This is the most action-packed book of the bunch – on the go from start to finish. I never knew a criminal that looks like a mad French painter racing around like a maniac with a bucket of adhesive paste could be so much fun and dangerous to boot. Paste -Pot Pete was always my guilty pleasure in these early days of Marvel. I was sad to see Pete had changed his name to the Trapster when the Frightful Four were formed and introduced in issue #36 of the Fantastic Four. Paste-Pot Pete’s next appearance is in the Marvel Key – Strange Tales #110 when he teams up with The Wizard to take on the Human Torch, and some guy named Doctor Strange makes his first appearance in the back-up story.
Strange Tales #105
The Return of the Wizard
The Wizard escapes from prison and challenges the Human Torch to another battle. Sue Storm is afraid for Johnny and asks Reed Richards and the Thing to help out. They pass – saying Johnny has to learn to stand on his own two feet. The Human Torch is on his way to meet the Wizard. The Invisible Girl follows only this time she is more of hindrance to the Torch than a help, as she was in the first go round with the Wizard. Johnny spends most of time getting Sue out of traps, while trying to elude the Wizard. The Torch finally gets the Wizard with a flaming saw (complete with handle) to cut through the roof above the Wizard’s head. The content of the roof falls on the Wizard knocking him out cold. The police arrive and take the Wizard back to jail. Johnny playfully teases Sue about all her “help” in catching the Wizard as this issue comes to an end.
Strange Tales #106
The Threat of the Torrid Twosome
Our story begins with the Human Torch working through a test Reed Richards had devised for him. Sue Storm has a visitor named Carl Zante – The world’s greatest acrobat and he wants to meet Johnny Storm the Human Torch.

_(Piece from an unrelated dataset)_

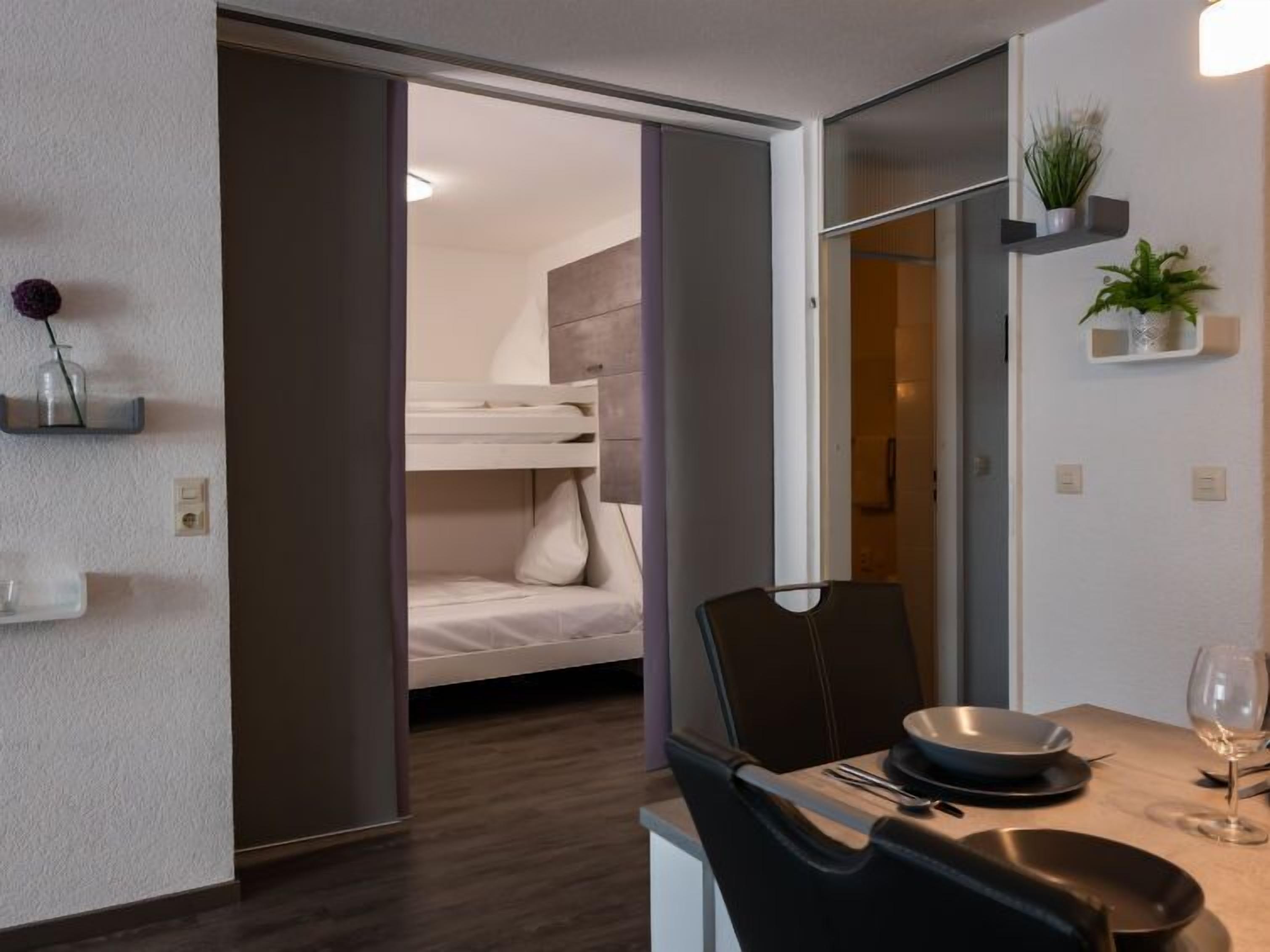 1 bedroom, iron/ironing board, internet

Johnny arrives and is surprised to find out the whole world knows Johnny Storm and the Human Torch are one and the same. Carl Zante wants the Human Torch as a partner, working on cases solving crimes – for money. Zante plants a seed in Johnny’s (tiny) brain that Reed Richards is using him and that he should be making lots of money. The ploy works and Johnny joins Zante and form The Torrid Twosome. There first case is to save a man trapped in a safe from suffocating to death. This is a ruse by Zante who just wants to rob the bank. Once inside Zante douses the Human Torch’s flame and then shoots him. He grabs the money and when he gets out of the bank is confronted by the rest of the Fantastic Four. They have him dead to rights but a very angry Human Torch comes out of the bank and proclaims “he’s mine”. The Torch melts the ground beneath Zante’s feet and he is caught. The Torch apologizes to his team mates, as they are re-united once more, and stroll off in to the end of the book and our Arc & Run.
Carl Zante plays a pivotal role in his next appearance in Strange Tales #114 disguised as Captain America. This was a try-out book for the potential re-emergence of Captain America and he did not too long after in the legendary Avengers #4.
March 1963 was also an important date in comics featuring the first issue of Amazing Spider-Man #1. The Fantastic Four were busy folks this month!
The Human Torch continued on as the head-liner for the title in Strange Tales through issue #109 and then Doctor Strange was introduced in Strange Tales #110. The Human Torch had two more books as the headliner in issues #112 & 113 before Doctor Strange joined the book full-time. Strange Tales #116 brought the Thing (Ben Grimm) over from the Fantastic Four as a full-time team-up partner for the Human Torch and the Torch’s days as a leading man were effectively over. It was a good move for the book though, adding humour and expanded story telling possibilities with the loveable Thing on board. Strange Tales #116 thru #134 had the Human Torch/Thing combo sharing the book with Doctor Strange. It’s a really enjoyable run, with some pretty cool books, and one we will get to at some point in the future here in Arcs & Runs. Strange Tales #135 has Nick Fury taking over the Human Torch/Thing spot in the book.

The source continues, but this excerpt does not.